Tour Guide in Israel – The Donna Gracia House – Tiberius
During the years of the Inquisition in Spain (15-16 century AD), many Jews were forced to convert to Christianity, yet secretly maintained their Jewish faith, hoping to return to it when the situation improved. Most of these Jews (called Marranos or Conversos) became assimilated into the Spanish culture, but some Jews succeeded in escaping Spain and finding new homes where they could return to Judaism and follow their religion.
Dona Gracia (nee Beatrice De Luna, or Hana Nasi in Hebrew) was the daughter of a Jewish family. She fled the inquisition in Portugal, worked in Antwerp and then in Venice and finally settled in Constantinople.
By her thirties she grew to be a significant merchant, in fact, the richest woman in the 16th century world – mainly due to her marriage to Francisco Mendez-Nassi, member of one of the largest international trade and banking firms in the world.
With the blessing of the Turkish Sultan, Dona Gracia promoted and worked for the establishment of a Jewish state in Tiberius and the Sea of Galilee area. She built the walls of Tiberius, but her sudden death at the age of 59 brought an end to her remarkable Zionist initiative.

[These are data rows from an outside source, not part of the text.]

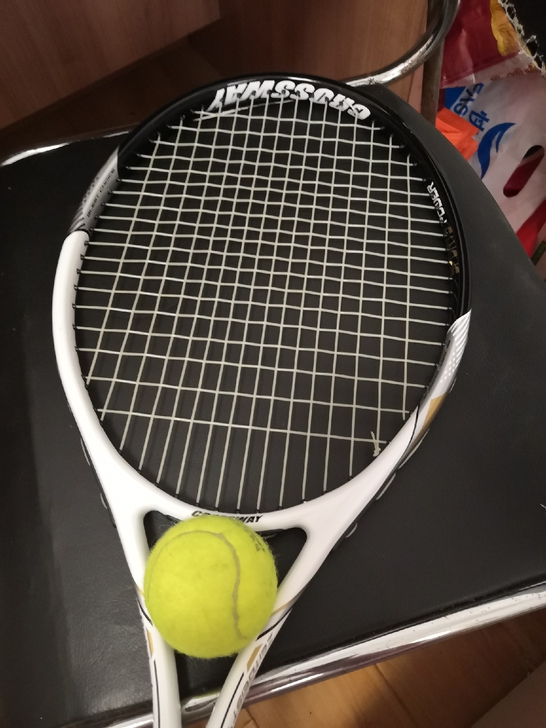 2把网球拍，几乎没用过，不包邮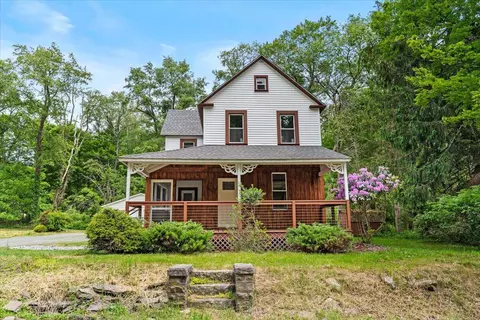 15 Locust Ridge Rd, Thornhurst, PA 18424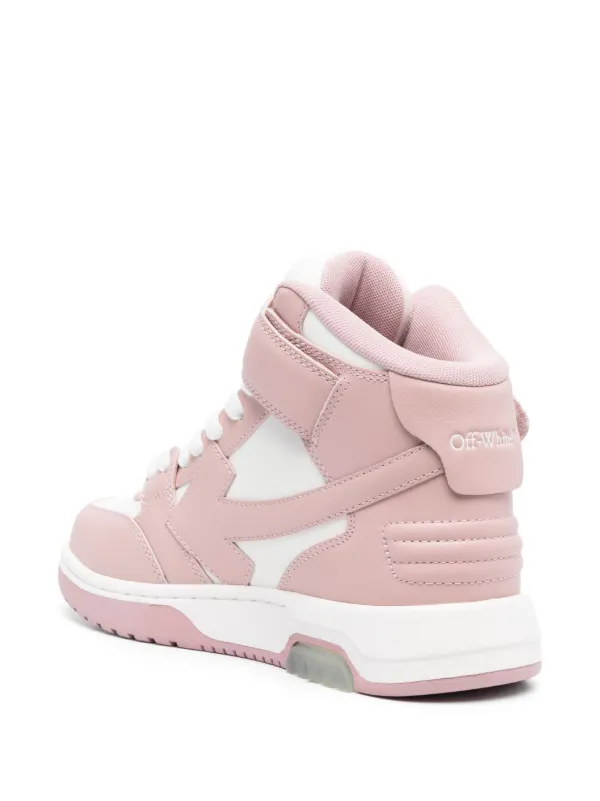 新作★Off-White*優雅な一足*アウト オブ オフィス スニーカー オフ-ホワイト“アローロゴ”を配した新作スニーカー「アウト オブ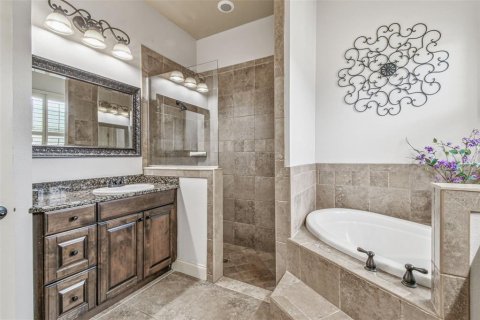 House in Lakeland, Florida 4 bedrooms, 258.73 sq.m. № 1912079 - photo 24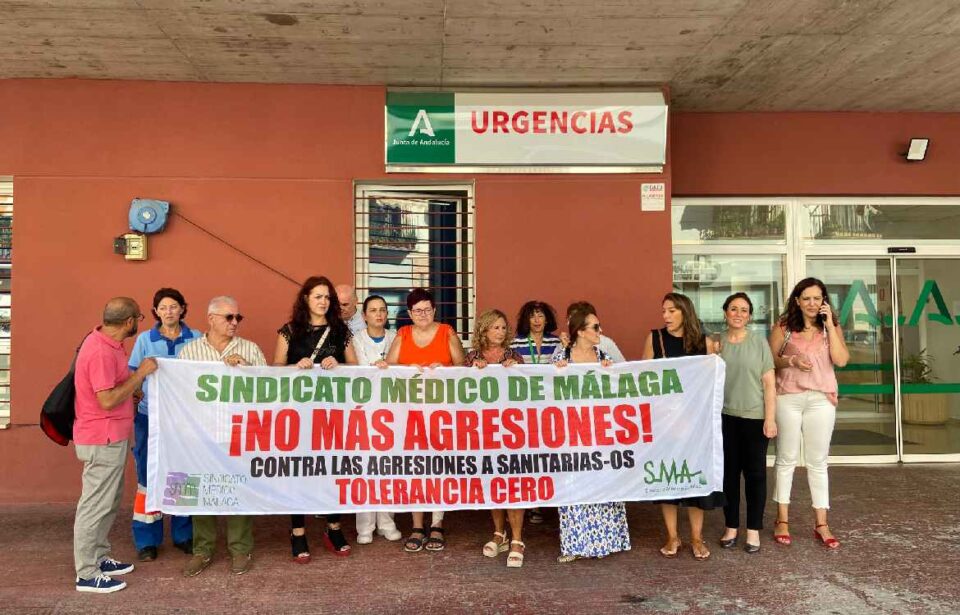 Concentración de médicos en Alhaurín de la Torre en apoyo a su compañero agredido por uno de los implicados en el tiroteo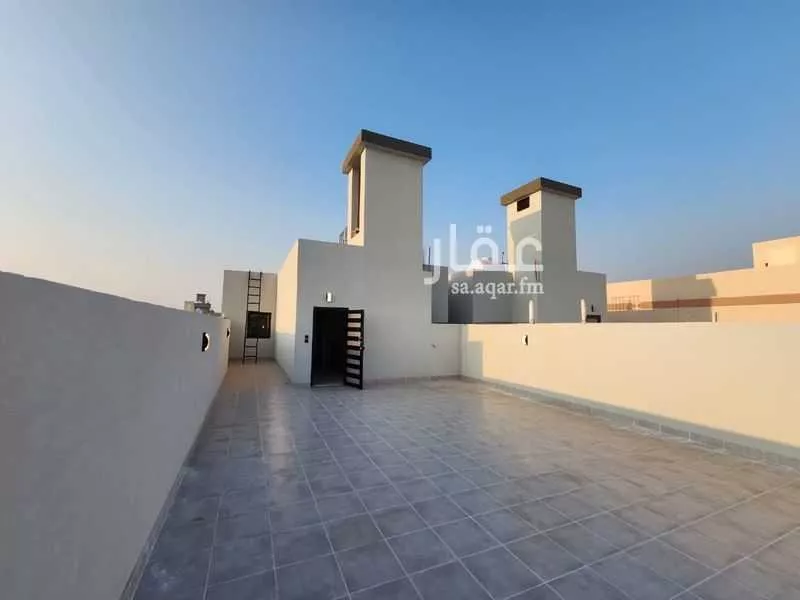 8 bedroom villa in Jeddah 4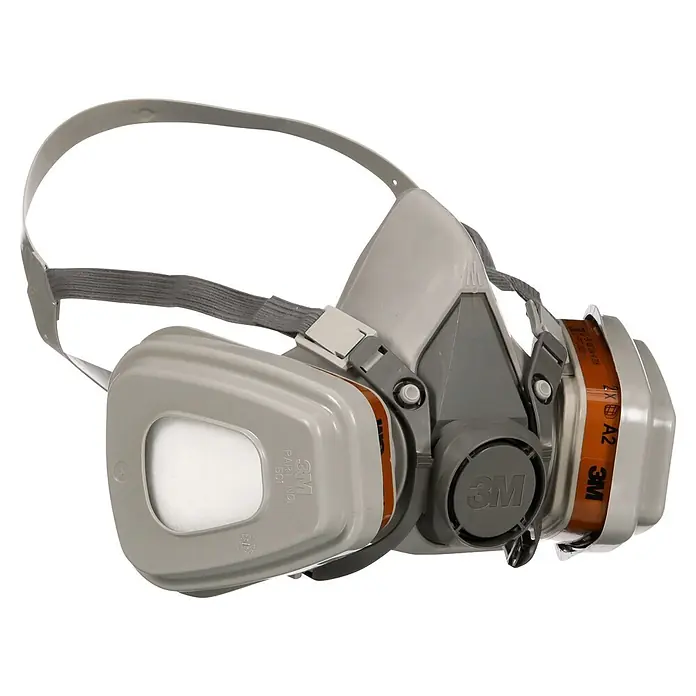 3M Mascarilla de ventilación 6002C - Clase de filtro: FFP2 - Respirador de media máscara 3M gris con filtros marrones y correas elásticas grises para protección respiratoria.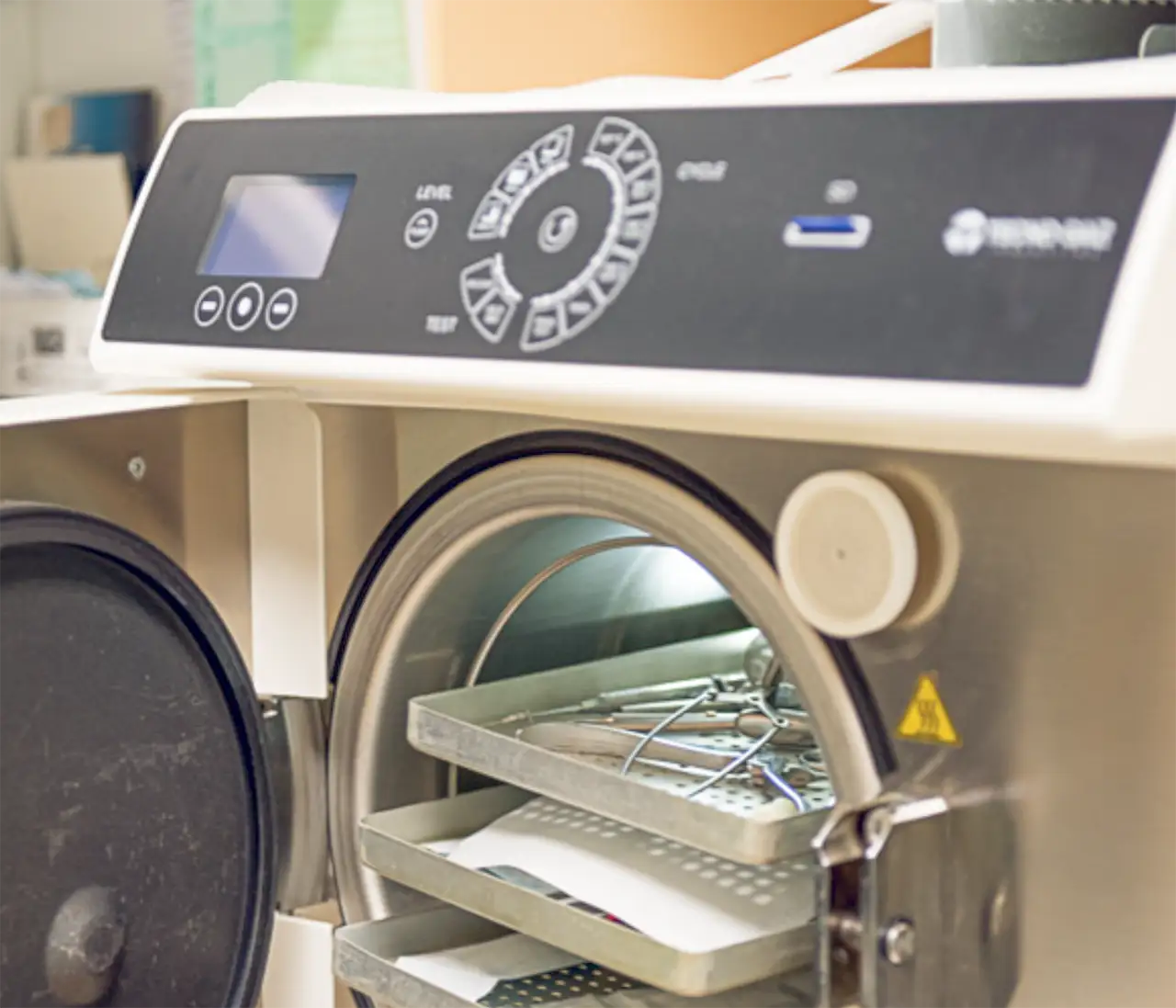Autoclave per la sterilizzazione degli strumenti nello Studio Dentistico GTF a Parma
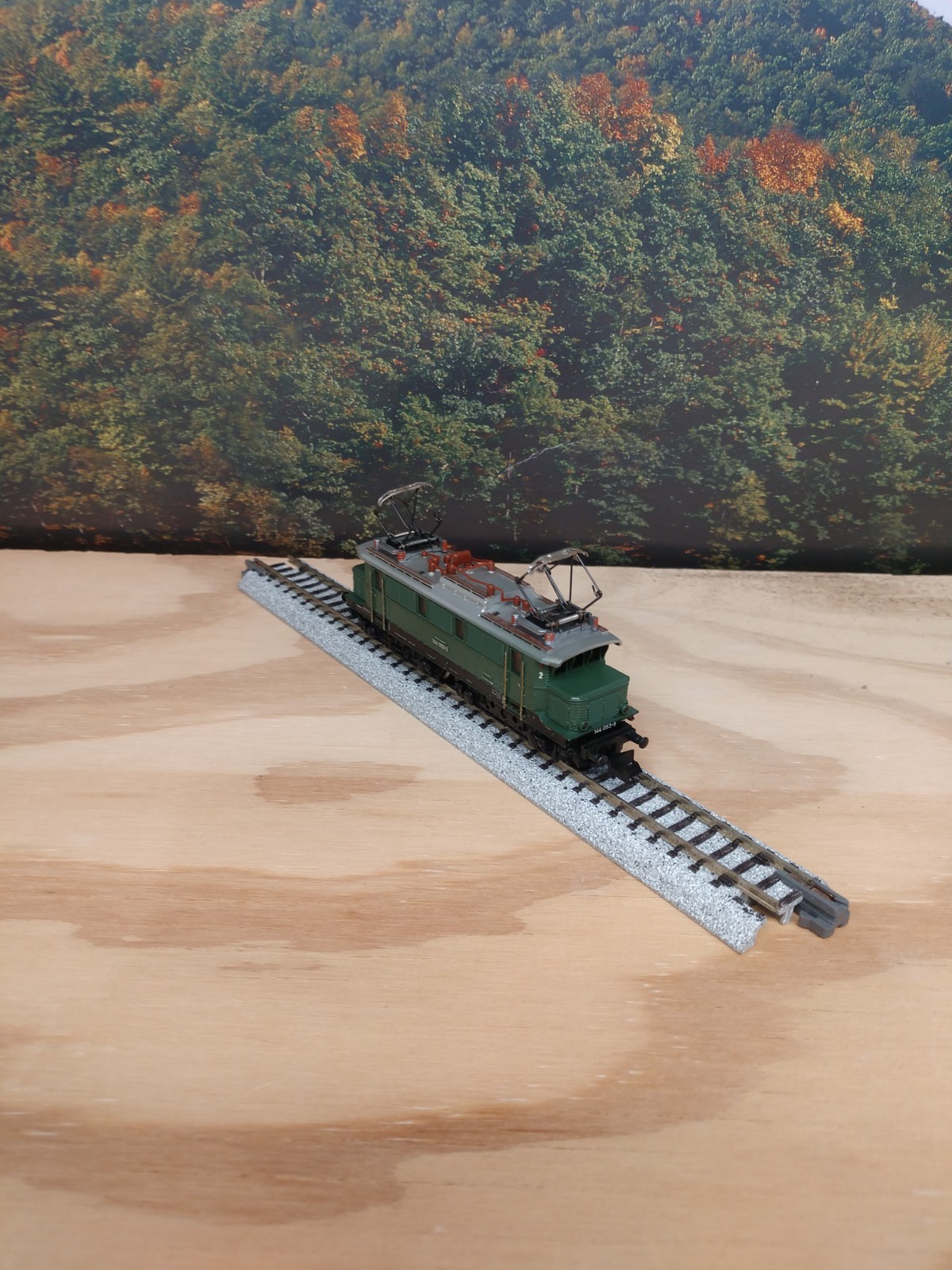 Minitrix N scale European 4 axle Electric Loco – Item #2033 NEW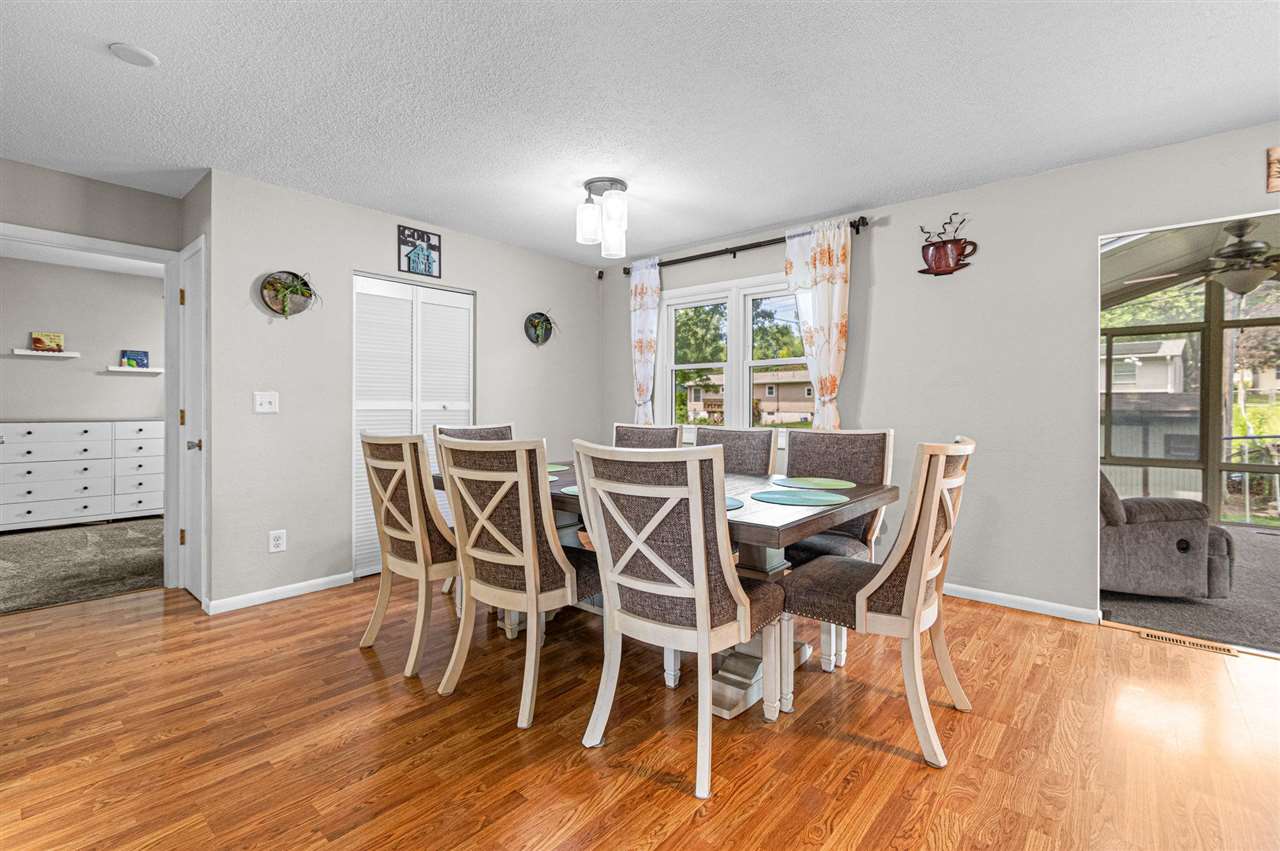 24 Gleason Drive Iowa City IA 52240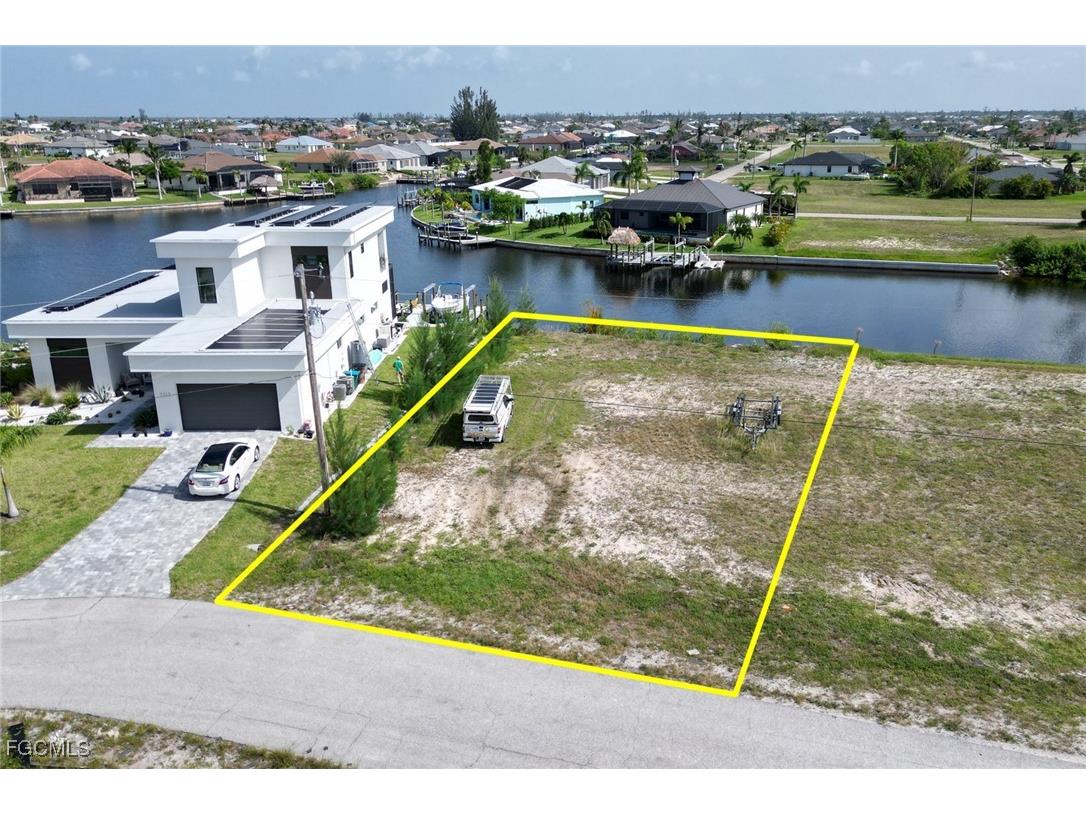 3711 NW 9th Terrace Cape Coral FL 33993 2026003141 image1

As wealthy as she was, so were her deeds filled with generosity, as she dedicated herself to saving her expelled and persecuted brethren. Donna Gracia is best remembered for her overwhelming generosity towards her fellow Jews, and her patronage of those who needed her wealth to escape from Spain and start their lives anew.
The Donna Gracia hotel, an old hotel, has been renovated to tell her story, as well as the story of the Jews who fled Spain during that period. The museum and public parts of the hotel are decorated and furnished according to the 16th Century style.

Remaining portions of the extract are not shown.